■ Task requirements
The whole listing below is to be copied exactly, with every picture left out.

■ Given information

----

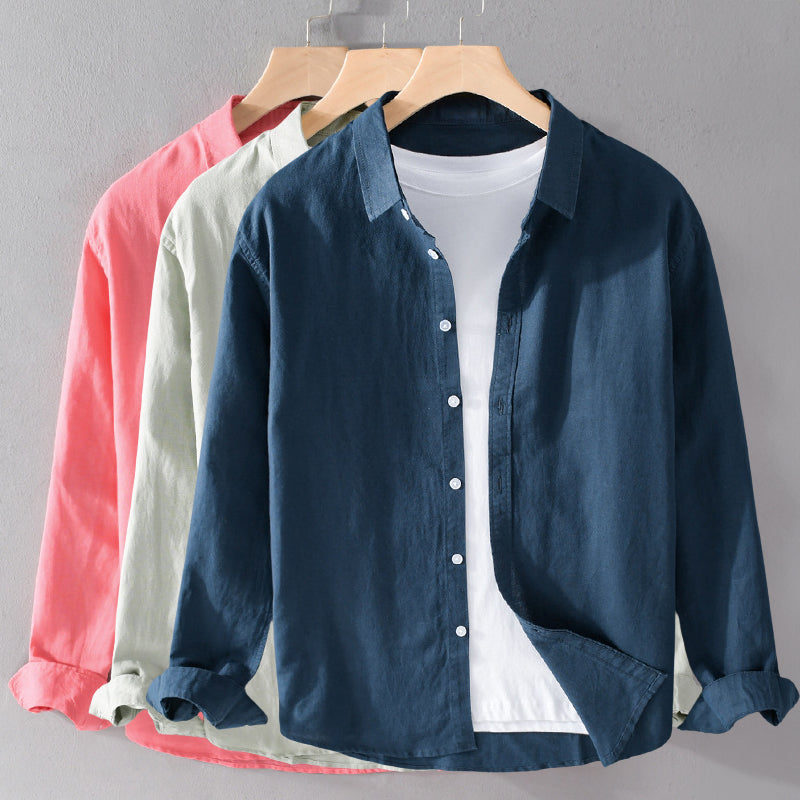 Palermo cotton shirt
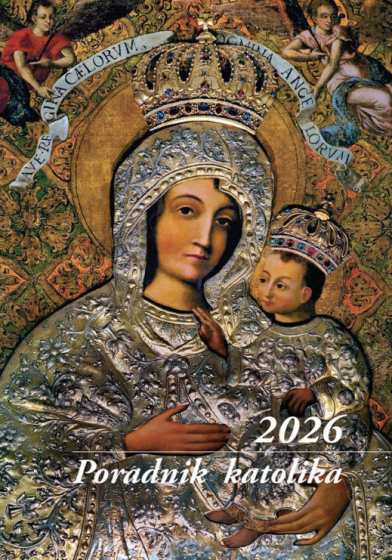 Poradnik katolika 2026 Matka Boża Gietrzwałdzka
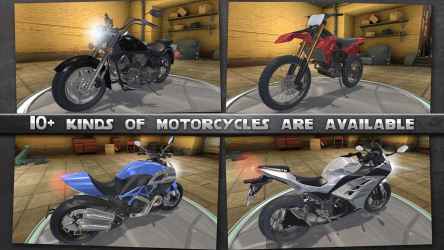 Motorcycle Rider Apk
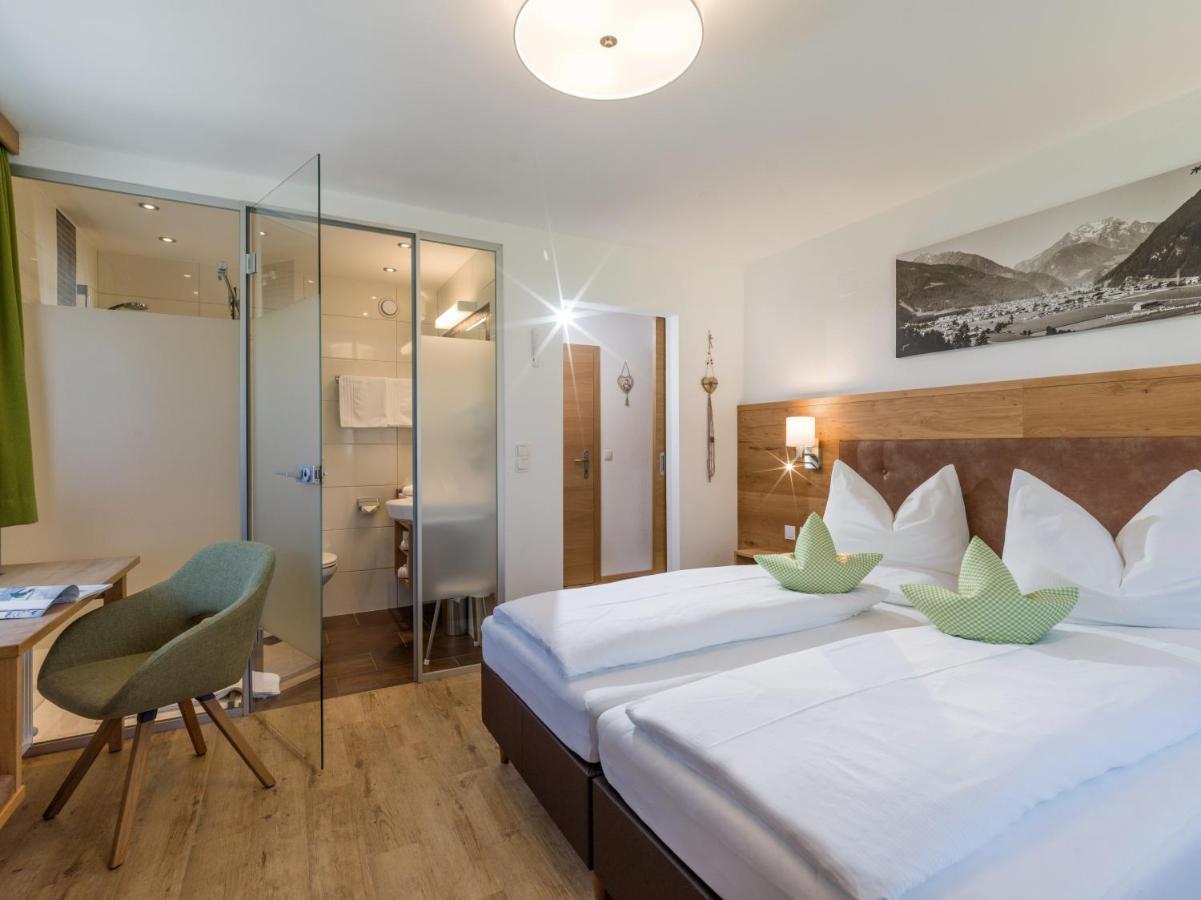 Apartmenthaus Katharina Mayrhofen Bagian luar foto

----

■ Task output
 Palermo cotton shirt
 Poradnik katolika 2026 Matka Boża Gietrzwałdzka
 Motorcycle Rider Apk
 Apartmenthaus Katharina Mayrhofen Bagian luar foto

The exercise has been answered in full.